PROBLEM TO WORK ON
Give back every line of the data exactly. Pictures are not part of the copy.

MATERIAL PROVIDED
··········
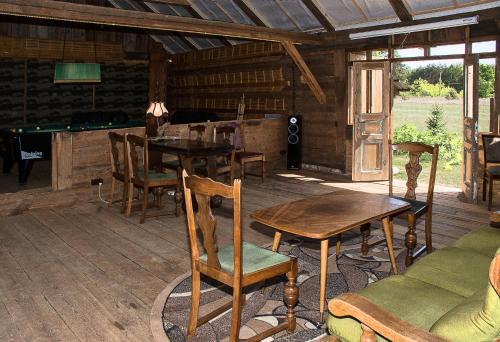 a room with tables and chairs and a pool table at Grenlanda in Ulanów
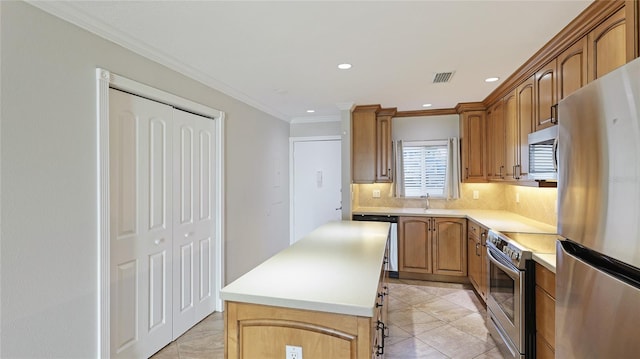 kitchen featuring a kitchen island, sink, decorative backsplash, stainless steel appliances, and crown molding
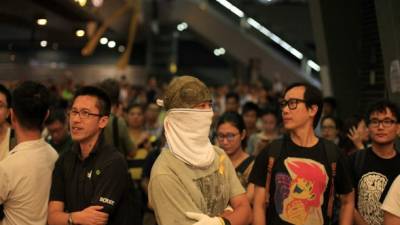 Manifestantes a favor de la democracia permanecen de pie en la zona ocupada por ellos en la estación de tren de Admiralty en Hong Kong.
··········
SOLUTION
 a room with tables and chairs and a pool table at Grenlanda in Ulanów
 kitchen featuring a kitchen island, sink, decorative backsplash, stainless steel appliances, and crown molding
 Manifestantes a favor de la democracia permanecen de pie en la zona ocupada por ellos en la estación de tren de Admiralty en Hong Kong.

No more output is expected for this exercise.